BEGIN Data supplied
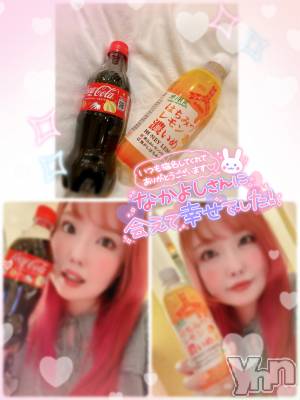 甲府デリヘル 甲府人妻隊(コウフヒトヅマタイ) あん(31)の11月18日写メブログ「3発」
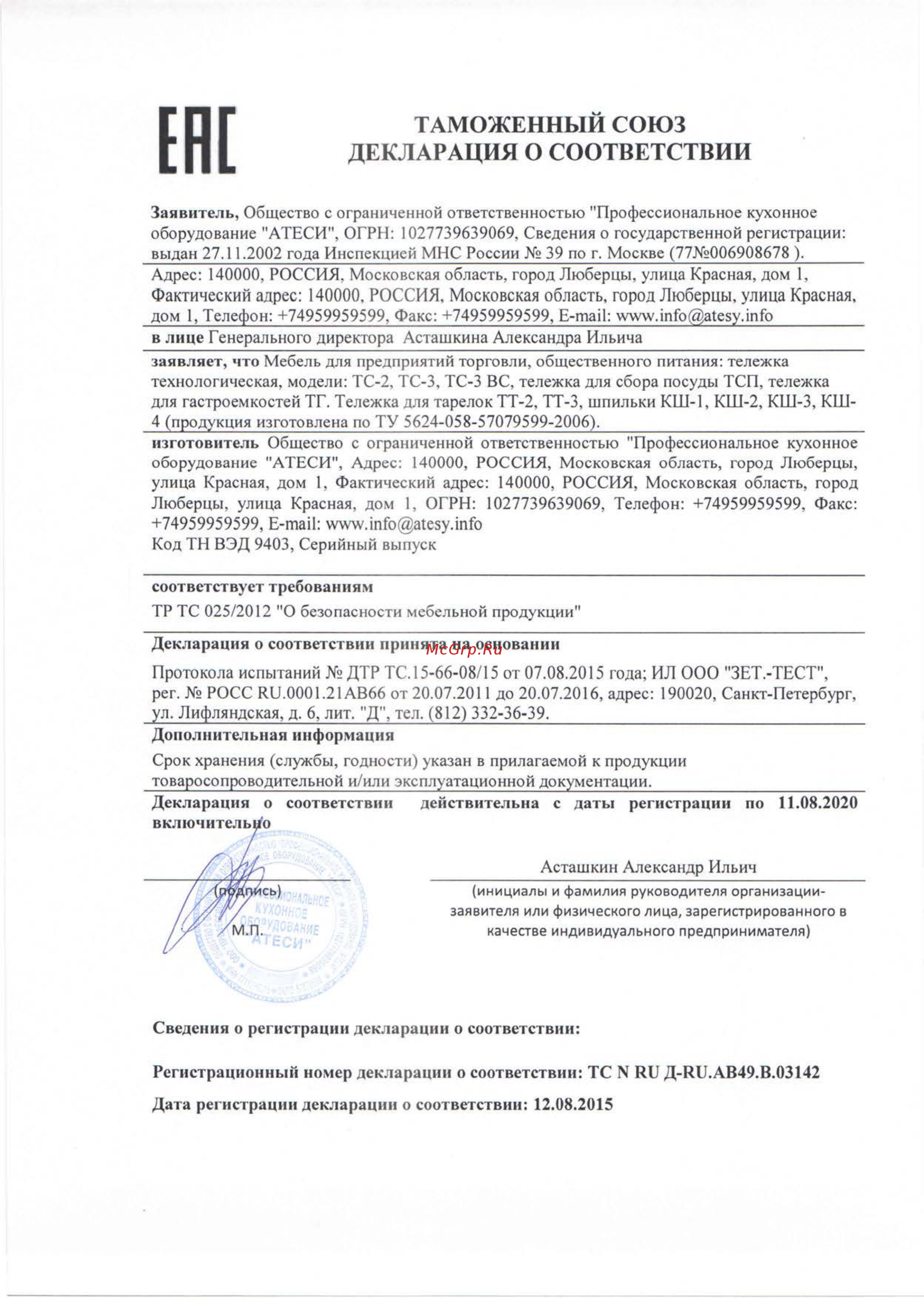 ATESY ТС-2 разборная Декларация о соответствии онлайн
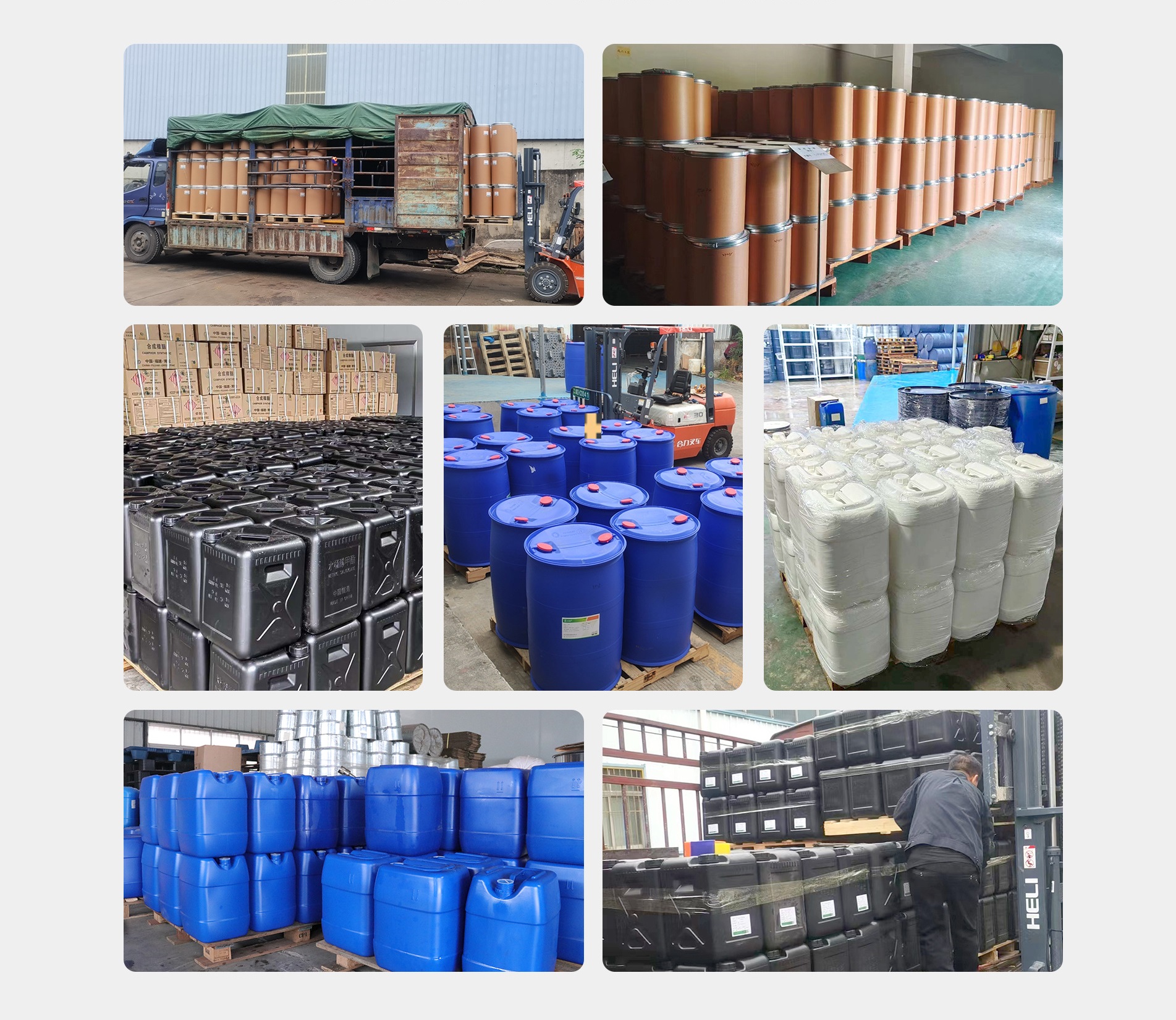 Supplier Album Image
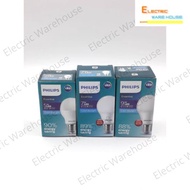 PHILIPS ESSENTIAL E27 LED Bulb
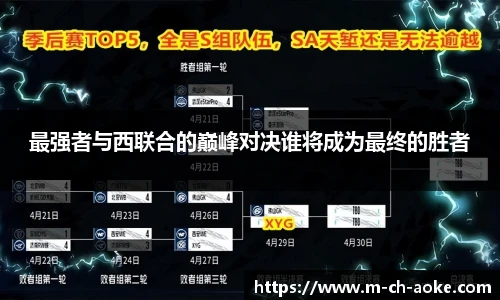 okooo澳客网官网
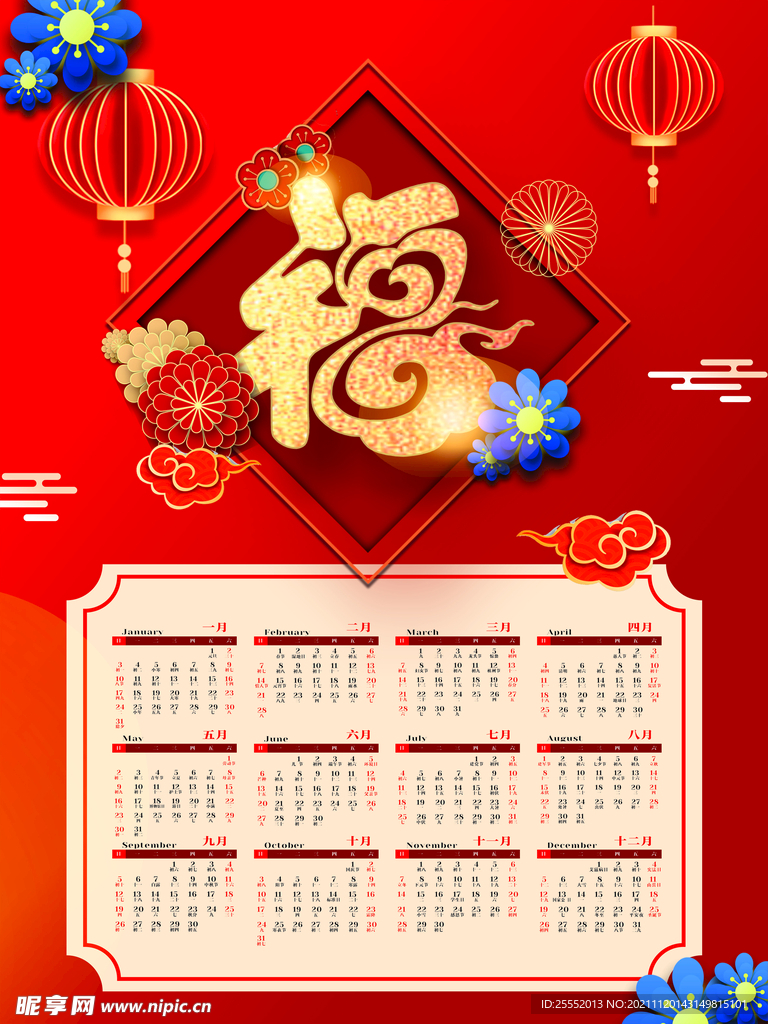 中国风2022年虎年喜庆风挂历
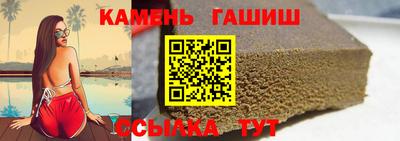 каннабис Рузаевка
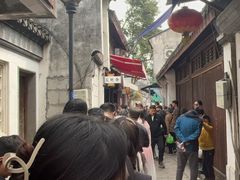 -文魁斋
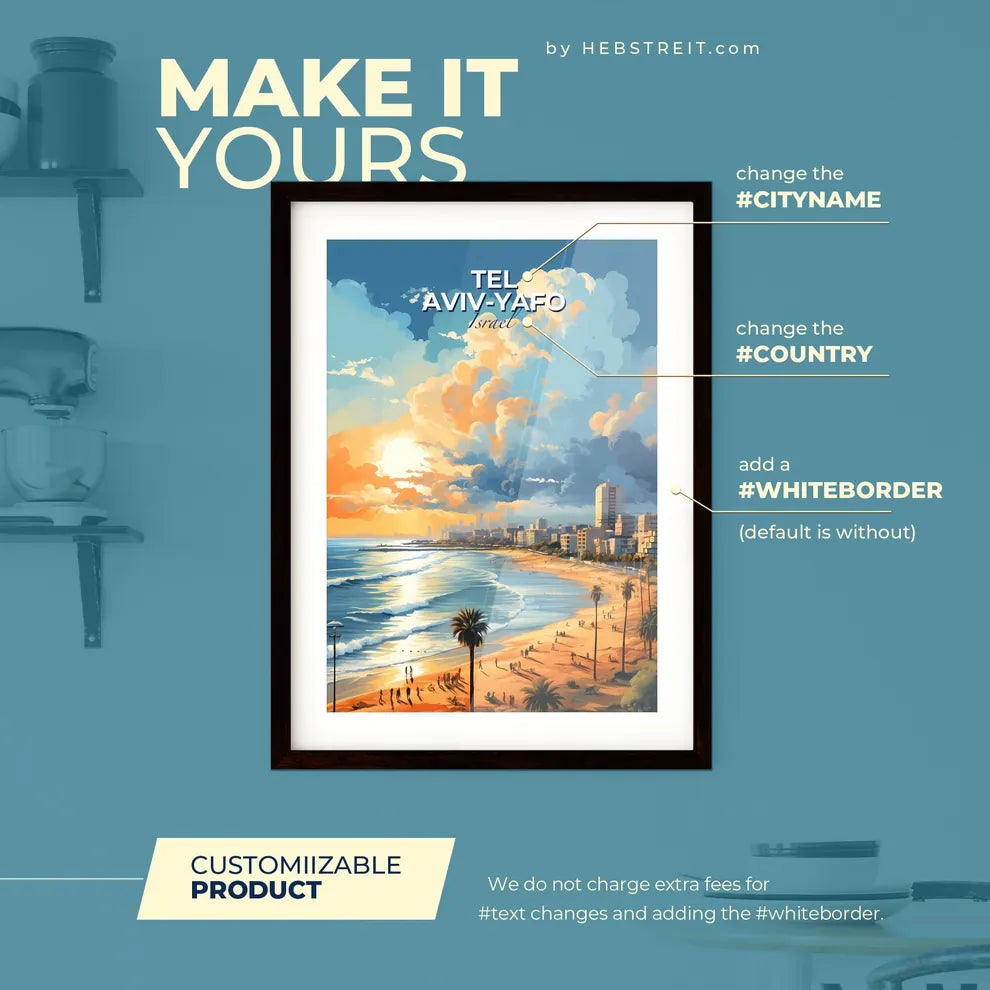 Tel Aviv-Yafo Israel Skyline - A Beach With Palm Trees And Buildings - Customizable Travel Gift Default Title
END Data supplied
=== Work request ===
The data above are to be repeated word for word, with any pictures left out.

=== Solution ===
 甲府デリヘル 甲府人妻隊(コウフヒトヅマタイ) あん(31)の11月18日写メブログ「3発」
 ATESY ТС-2 разборная Декларация о соответствии онлайн
 Supplier Album Image
 PHILIPS ESSENTIAL E27 LED Bulb
 okooo澳客网官网
 中国风2022年虎年喜庆风挂历
 каннабис Рузаевка
 -文魁斋
 Tel Aviv-Yafo Israel Skyline - A Beach With Palm Trees And Buildings - Customizable Travel Gift Default Title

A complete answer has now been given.